しかし砂糖は単なる甘味料ではなく、ゲルネットワークを構築し、保存性を確保する役割も担います。
糖を抜いた分だけゲル強度が低下し、離水や分離が起こりやすくなるため、ペクチン活性を的確に制御してゲル形成を補強する必要があります。
ペクチンは果実の細胞壁に含まれる多糖類で、主鎖となるガラクツロン酸のメチル化度合いによって高メトキシルペクチン(HM)と低メトキシルペクチン(LM)に大別されます。
HMペクチンは高糖・低pH条件下で砂糖と酸により水分を脱水することでゲル化します。
一方、LMペクチンはカルシウムイオン架橋によってゲル化するため、糖濃度が低くてもゲル形成が可能です。
低糖ジャムでは主にLMペクチンを使用し、カルシウム添加やpH調整で粘度と保形性を確保します。
LMペクチンの中でもアセチル化されているタイプは水和性が高まり、しなやかなゲルを形成しやすくなります。
ただしアセチル基が多すぎるとカルシウム架橋が阻害されるため、製品設計でバランスを取る必要があります。
・ゲル強度不足によるジャムの液状化
・フレーバーの変質や酸味の突出
・保存中の離水(シナレシス)
これらは砂糖濃度の低下、ペクチン量の不足、pH変動、金属イオンの過不足など複合的要因によって起こります。
LMペクチンの最適ゲル化pHは3.0〜3.6です。
pHが高すぎるとカルシウム架橋が弱まり、低すぎると負電荷が減少してゲルが脆くなります。

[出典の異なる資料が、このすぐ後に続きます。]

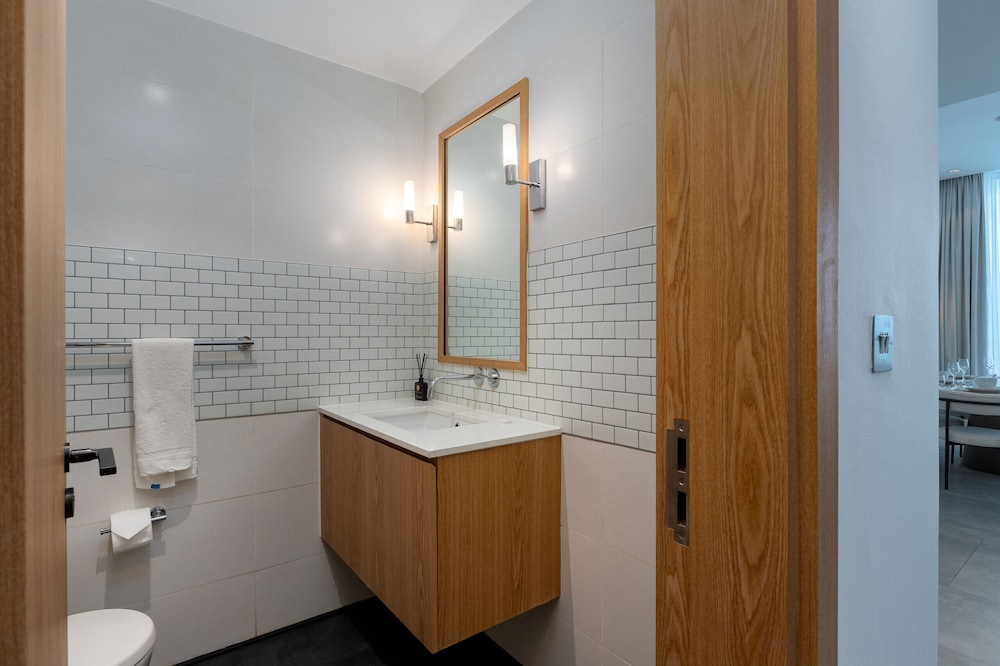 Refined 3BR Apt w Beach Access at The Palm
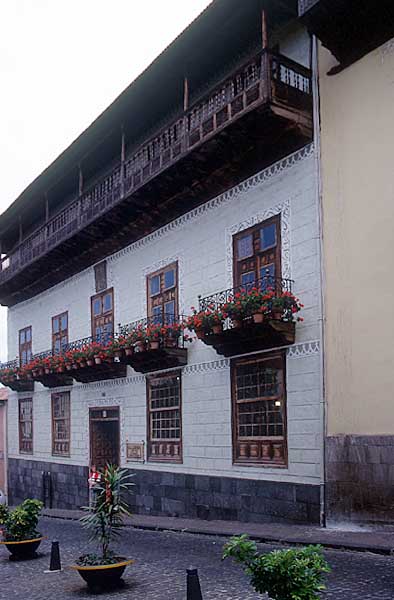 Casas de los Balcones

クエン酸や乳酸で酸度を微調整し、製造ロット間のばらつきを抑えることが重要です。
LMペクチンはカルシウム依存性の“エッグボックス構造”でゲル化します。
Ca²⁺濃度が低いとゲル形成が不十分になり、高すぎると過凝集して粗いネットワークが生成され、口当たりが悪化します。

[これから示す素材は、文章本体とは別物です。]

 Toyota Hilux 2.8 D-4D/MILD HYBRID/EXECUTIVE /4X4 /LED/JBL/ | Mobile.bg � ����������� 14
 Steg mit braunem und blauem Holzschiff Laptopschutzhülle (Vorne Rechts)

グルコン酸カルシウムや乳酸カルシウムは溶解性が高く、徐放性のため操作性に優れています。
本来ジャムは65°Brix以上で保存性を確保しますが、低糖ジャムでは40〜50°Brixに設計されることが多いです。
Brixが低いほどペクチンの水和が進み、ゲルネットワークが粗くなるため、高機能ペクチンの選定や糖アルコール、食物繊維を併用し粘度を補うのが効果的です。

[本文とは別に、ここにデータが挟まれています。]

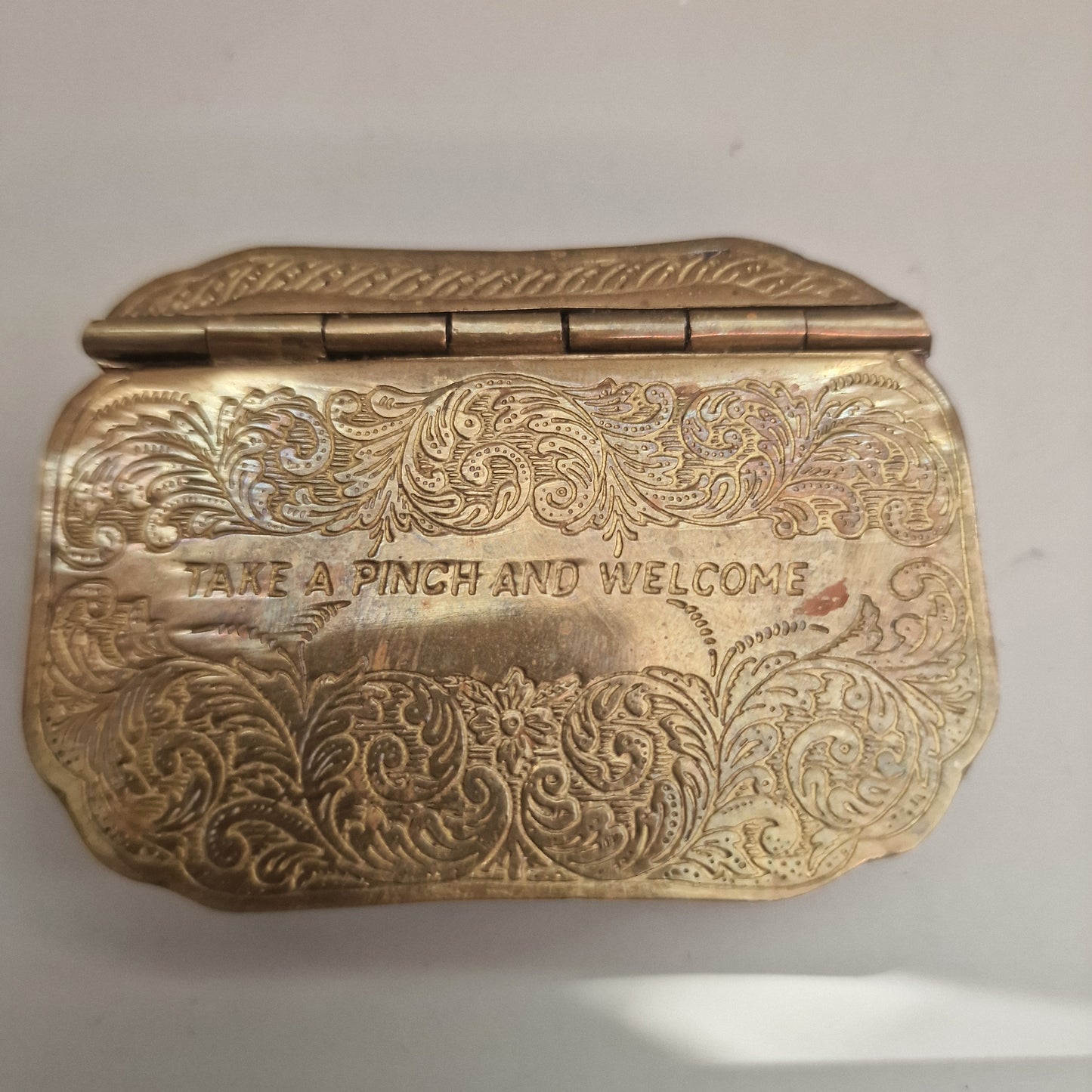 Mottahedeh Museum Vintage Bronze Spill Box Engraved Acanthus Scrollwork India – photo 3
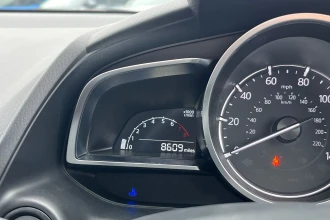 Vehicle Thumbnail 35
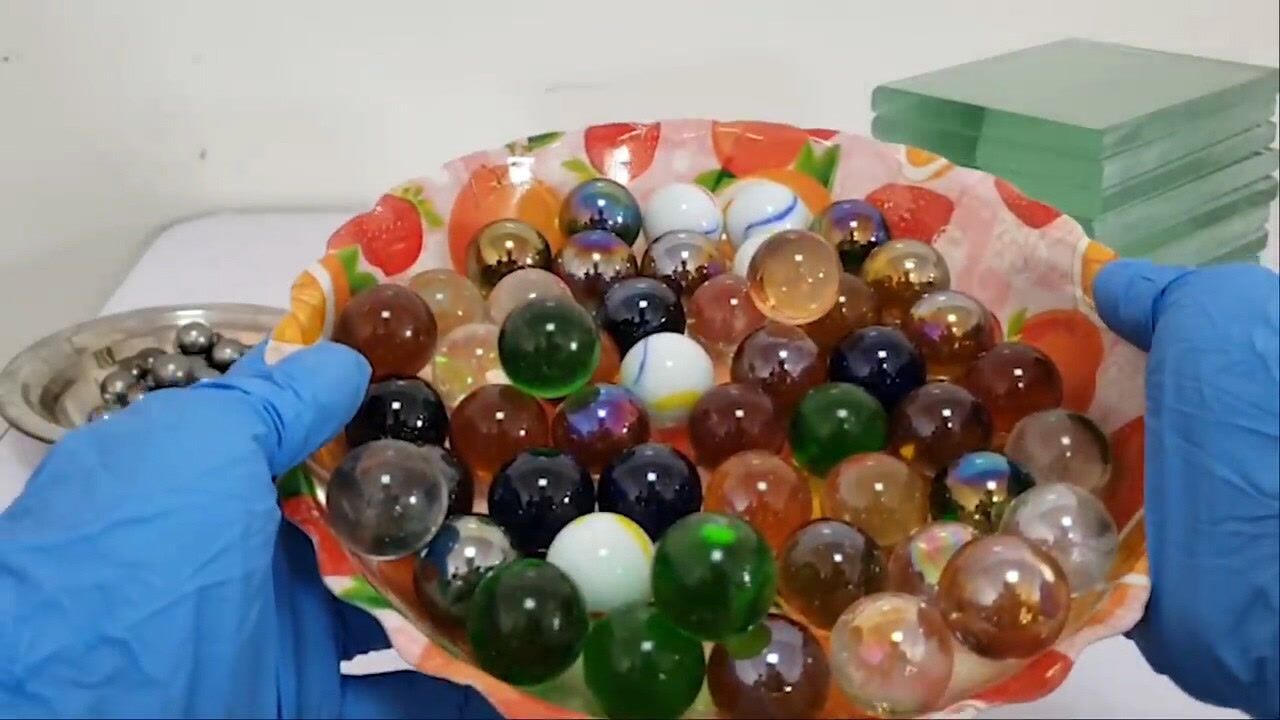 小孩吃玻璃球视频(小孩吃玻璃球视频大全)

過度な加熱はペクチンの脱メトキシル化や分解を進め、ゲル形成能を低下させます。
真空濃縮やマイクロ波加熱により、目標Brix到達までの加熱時間を短縮すると品質保持に貢献します。
1. 原料フルーツをピューレ化し、BrixとpHを測定する。
2. LMペクチン(アセチル化度10〜15%、DE25〜35%)を0.8〜1.2%添加し均一分散させる。
3. 加糖(ショ糖、マルチトールなど)で40〜45°Brixを目指す。
4. 50〜60℃で予備混合しながら、クエン酸でpH3.3に調整。
5. 85〜90℃へ昇温し、グルコン酸Caを全量の0.15〜0.25%添加。
6. 95℃・3分間保持して殺菌後、速やかにホットパック。
7. 急冷し20℃まで下げ、ゲルセットを促進。
この工程により、低糖でもスプレッド性と保形性を兼ね備えたジャムが得られます。
ペクチンメチルエステラーゼ(PME)処理でメトキシル基を部分的に除去し、LMペクチンをジャム内部で生成する手法があります。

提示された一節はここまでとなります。